Saturday, April 29, 2006
Looking Ahead: Two Views
The debate continues. Who is right? That’s for you to decide. Below is a link to an article posted on the Business Week Online site which features two heavyweight real estate giants in the industry (Sam Zell and Barry Sternlicht) and their contrasting views on the future of the real estate market.
In my (pipsqueak) opinion, Zell is a bit disconnected with the overextension of many buyers today. He claims it’s a 20% of income debt, but I know a lot of homeowners who are using the adjustable rate mortgages and I would estimate one in four of those are in a interest-only program many of which adjust monthly! With rates rising monthly, and homeowners already overextended on their mortgages this poses a potential problem in the future as rates rise, mortgages rise and incomes stay steady or slight growth.
Also, another industry concern is that so many of the adjustable mortgages will be coming due and adjusting in the next three to five years.
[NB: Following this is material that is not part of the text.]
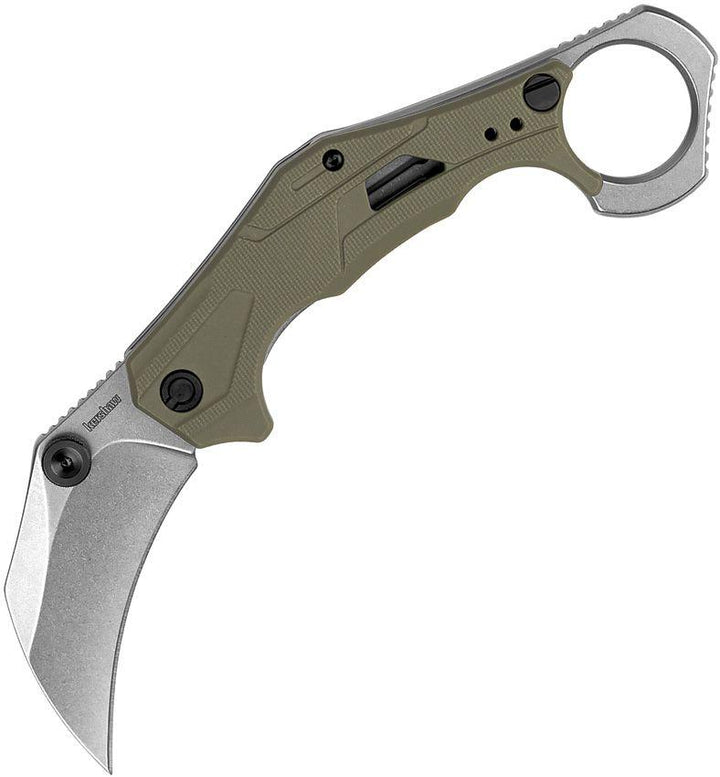 Kershaw Outlier Linerlock A/O Green GFN Stonewash 8Cr13MoV - Knives.mx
They will of course be adjusting up and this too will mean less disposable income for those homeowners or investors. This may mean an increase in foreclosures but it will also mean there will be opportunities for investments as people begin liquidating their real estate assets to reduce their risk.
So, I am instructing all of my clients to get locked into a 30 year mortgage and resist the temptation of the adjustable mortgages unless the investment is less than a year or two (at most). For example, if a buyer is going to purchase a property do minor rehab and resell or flip it, then an adjustable or interest-only loan is a good option. But look at how close the ARM rates are to the 30 year rates and you will see the best investment for the majority of people will be the fixed mortgages.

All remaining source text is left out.